> [Task requirements]: The expected output is an exact copy of the lines from the one containing "农村不再允许建房？翻盖修缮自己的房子都不行？这是为什么呢？" to the final line below, minus any pictures.
(Beginning of Provided data)
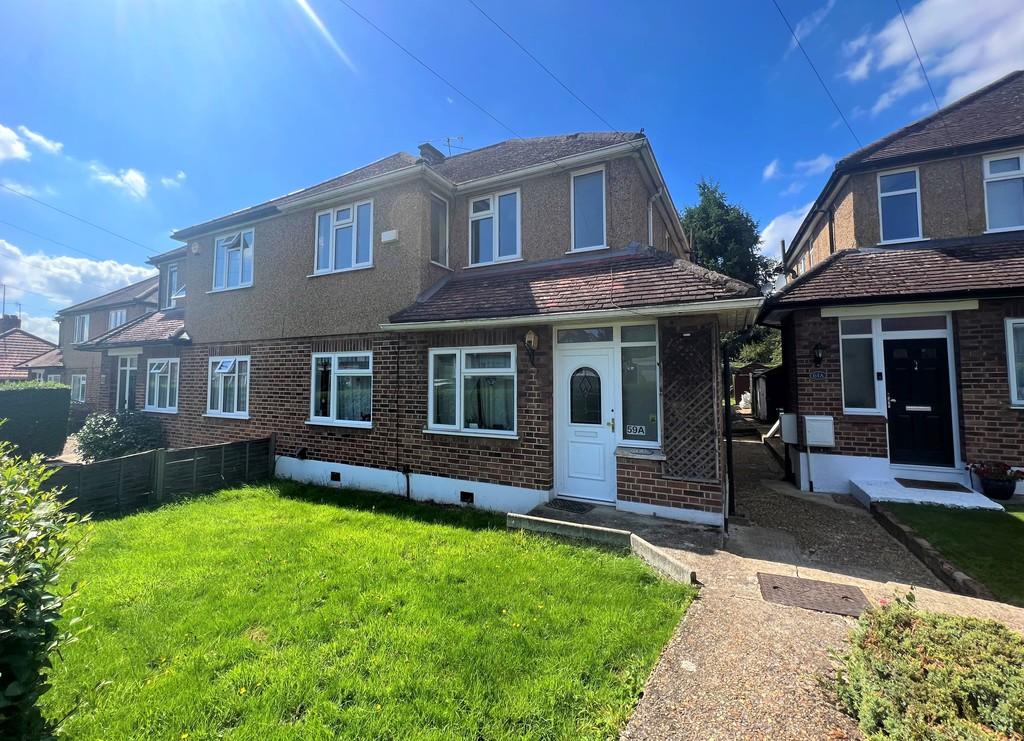 Alandale Drive, Pinner HA5 2 bed £1,595 pcm (£368 pw)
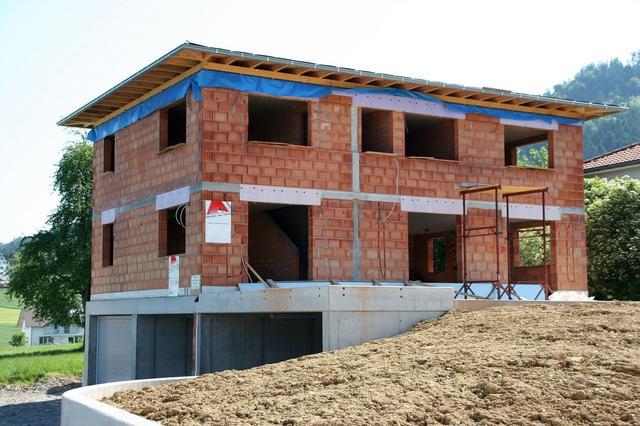 农村不再允许建房？翻盖修缮自己的房子都不行？这是为什么呢？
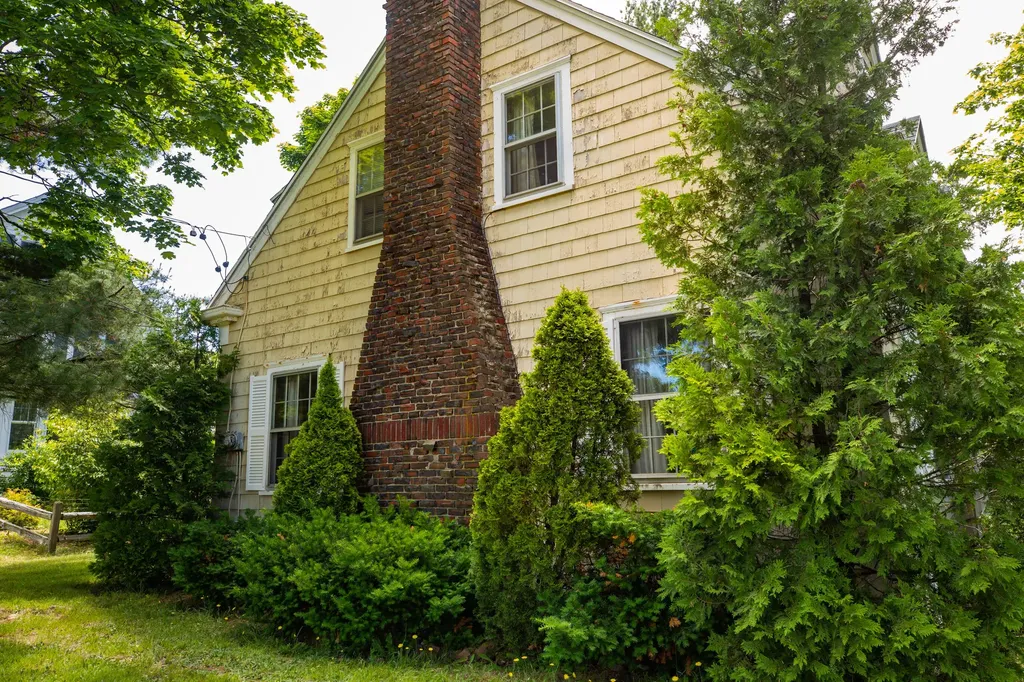 203 Nowell Road Bangor ME 04401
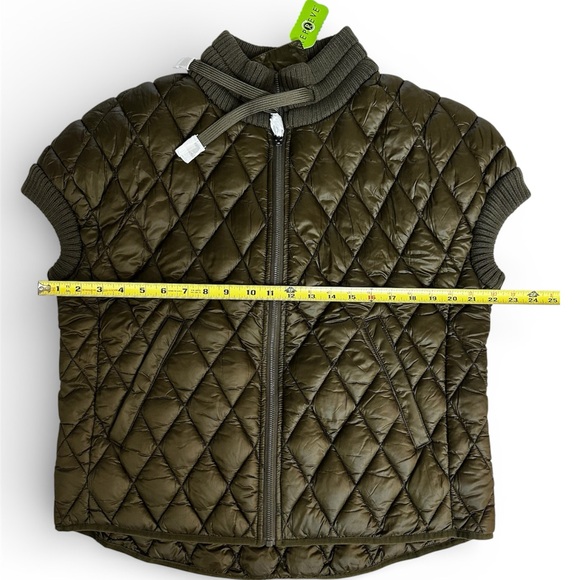Martha Stewart Olive Green Quilted Vest - Picture 8 of 11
(End of Provided data)
> [Answer box]:
 农村不再允许建房？翻盖修缮自己的房子都不行？这是为什么呢？
 203 Nowell Road Bangor ME 04401
Martha Stewart Olive Green Quilted Vest - Picture 8 of 11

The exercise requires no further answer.